=== Records provided ===

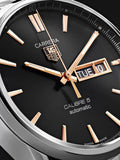 Tag Heuer Carrera Calibre 5 Automatic Black Dial Silver Steel Strap Watch for Men - WAR201C.BA0723 Authentic Buy Shop Now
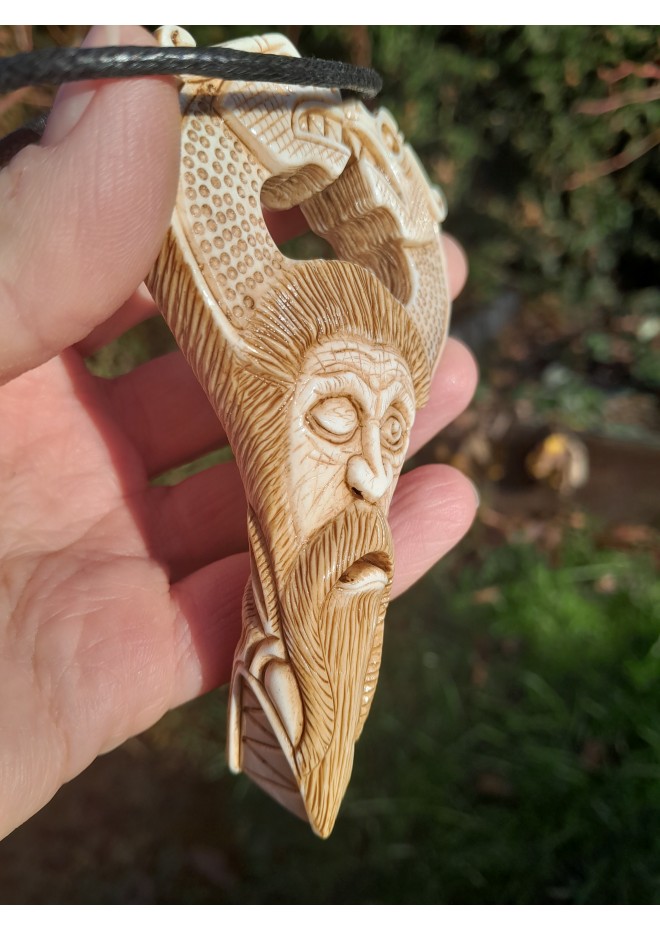 Unique Allfather God Odin pendant . Moose antlers hand-carved 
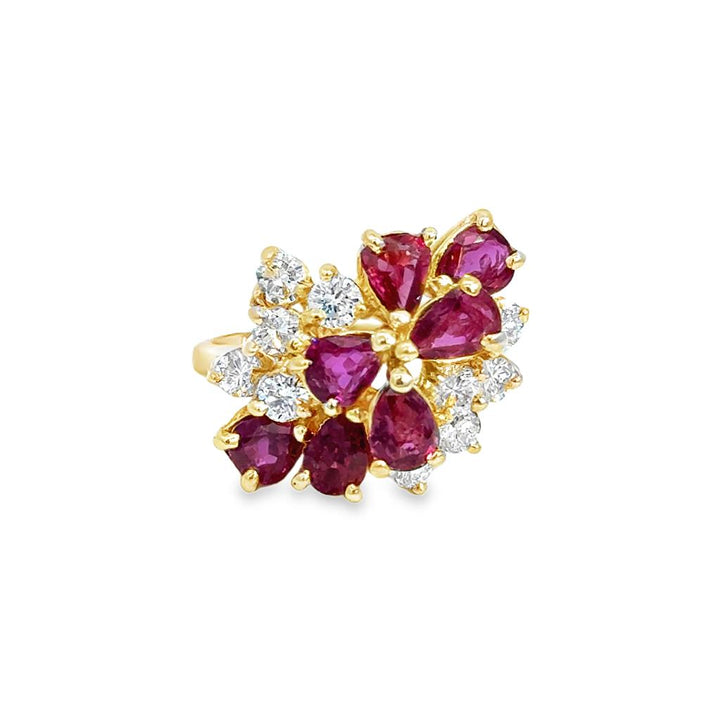 0.60 CTW Diamond & Pink Ruby 14K Yellow Gold Vintage-Style Cluster Ring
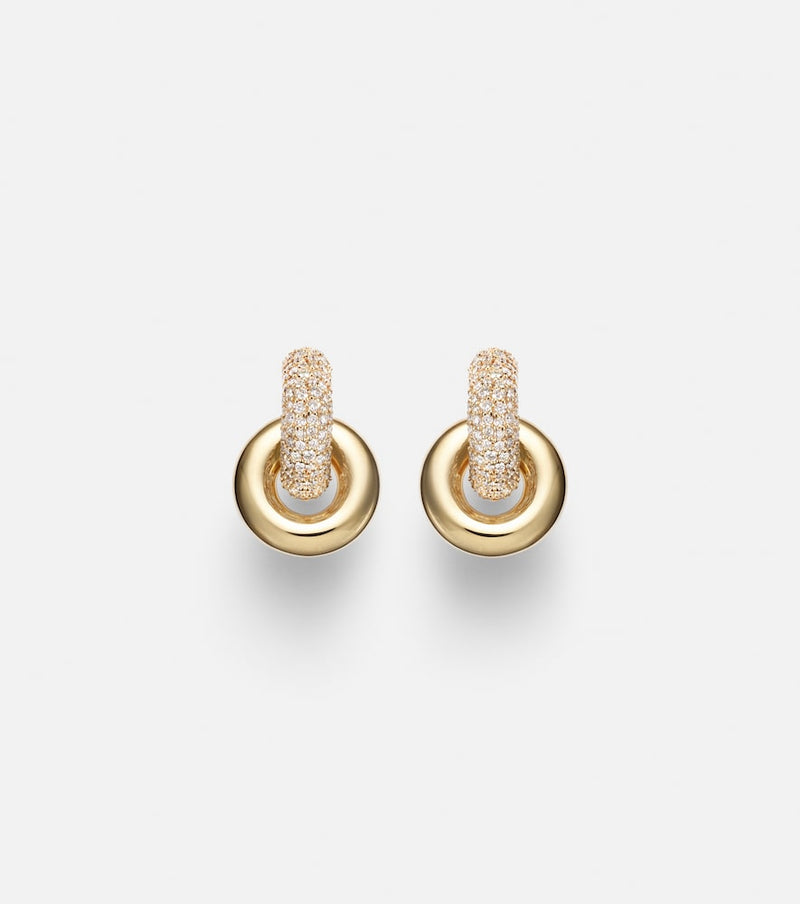 Stone and Strand Buoy 14kt gold huggie earrings with diamonds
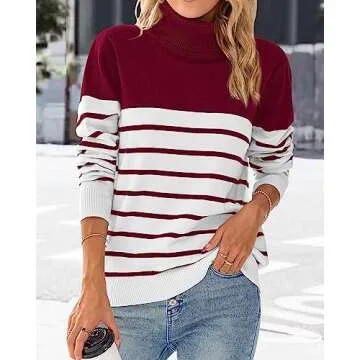 KIRUNDO Women's 2024 Fall Winter Turtleneck Knitted Sweater Long Sleeve Striped Color Block Loose Ribbed Pullover Tops(Large, Stripe-Red)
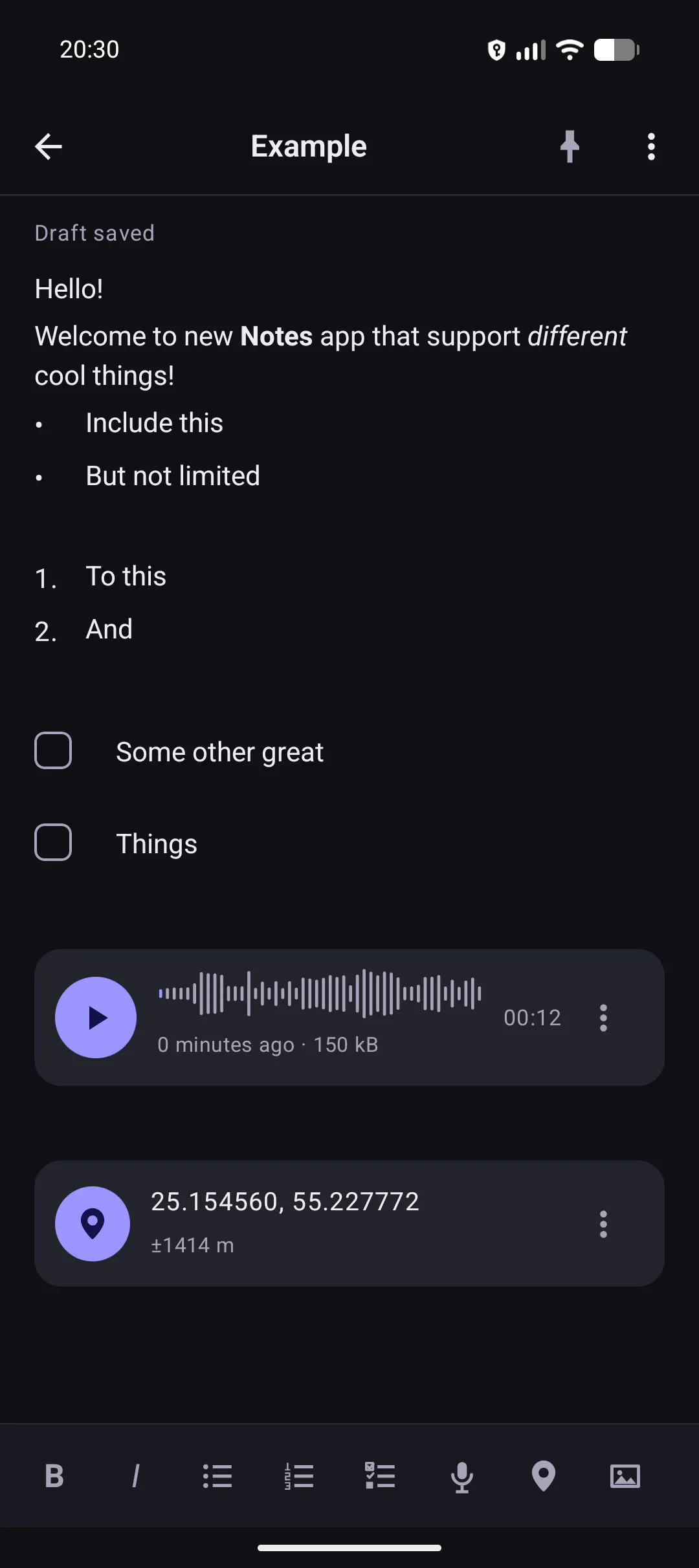 Notes: private & encrypted screenshot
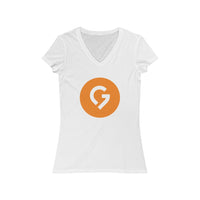 Grace Chapel Women's Short Sleeve V-Neck Tee | Orange Logo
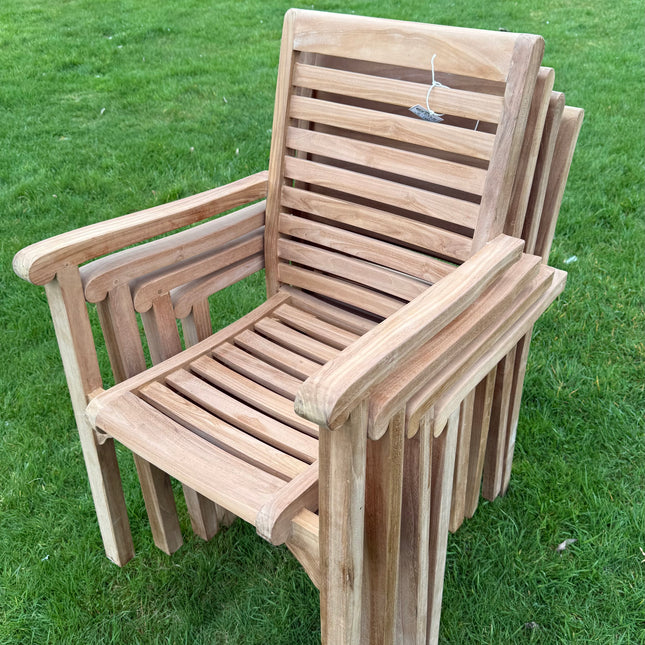 New Haven Teak Garden Stacking Chairs (4 Pack)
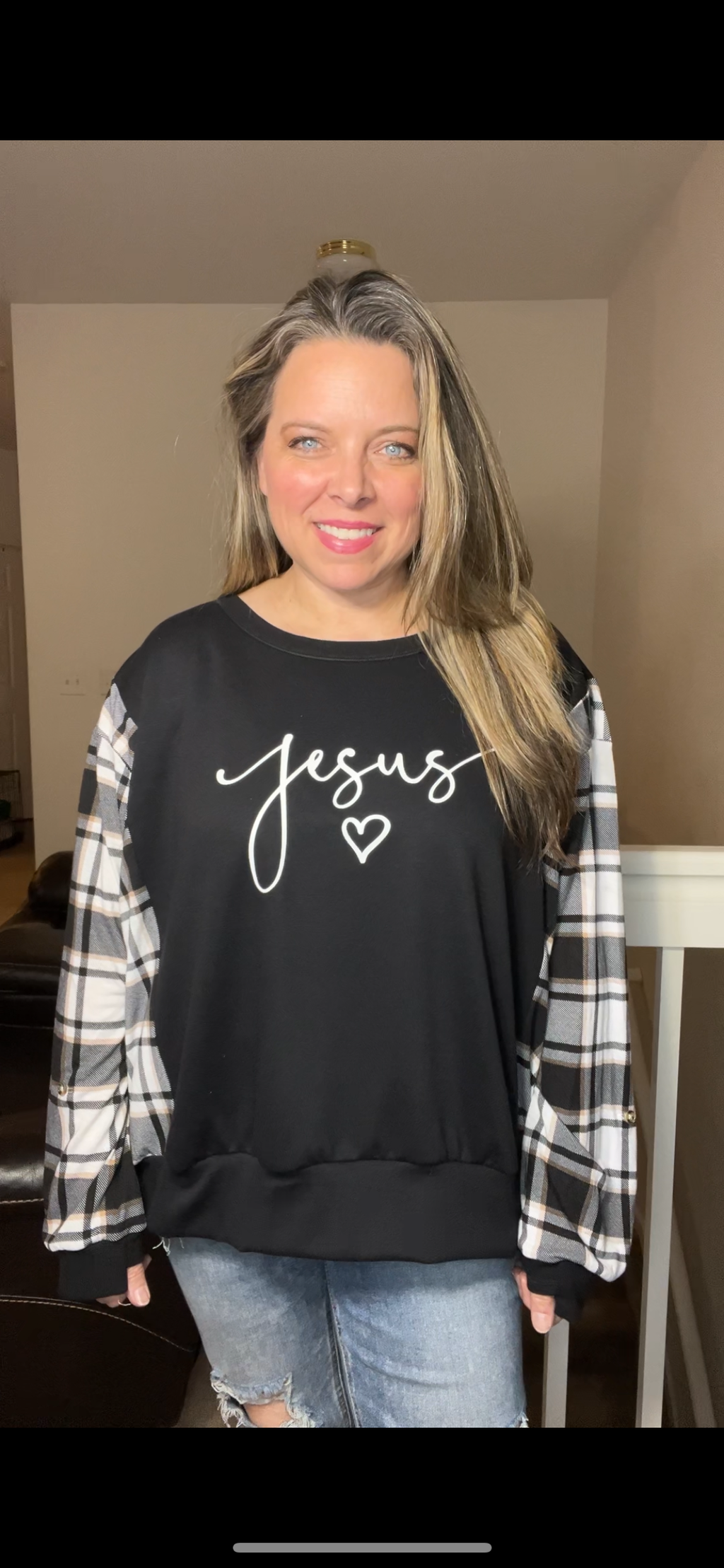 Upcycled Jesus – women’s XL – thin french terry sweatshirt with stretch jersey sleeves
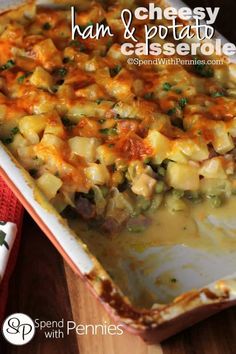 cheesy ham and potato casserole with parmesan cheese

===

» Exercise goal
Extract word for word every line from the line that contains "0.60 CTW Diamond" to the final line of the data, both included, and nothing else; skip the pictures.

» Written reply
 0.60 CTW Diamond & Pink Ruby 14K Yellow Gold Vintage-Style Cluster Ring
 Stone and Strand Buoy 14kt gold huggie earrings with diamonds
 KIRUNDO Women's 2024 Fall Winter Turtleneck Knitted Sweater Long Sleeve Striped Color Block Loose Ribbed Pullover Tops(Large, Stripe-Red)
 Notes: private & encrypted screenshot
 Grace Chapel Women's Short Sleeve V-Neck Tee | Orange Logo
 New Haven Teak Garden Stacking Chairs (4 Pack)
 Upcycled Jesus – women’s XL – thin french terry sweatshirt with stretch jersey sleeves
 cheesy ham and potato casserole with parmesan cheese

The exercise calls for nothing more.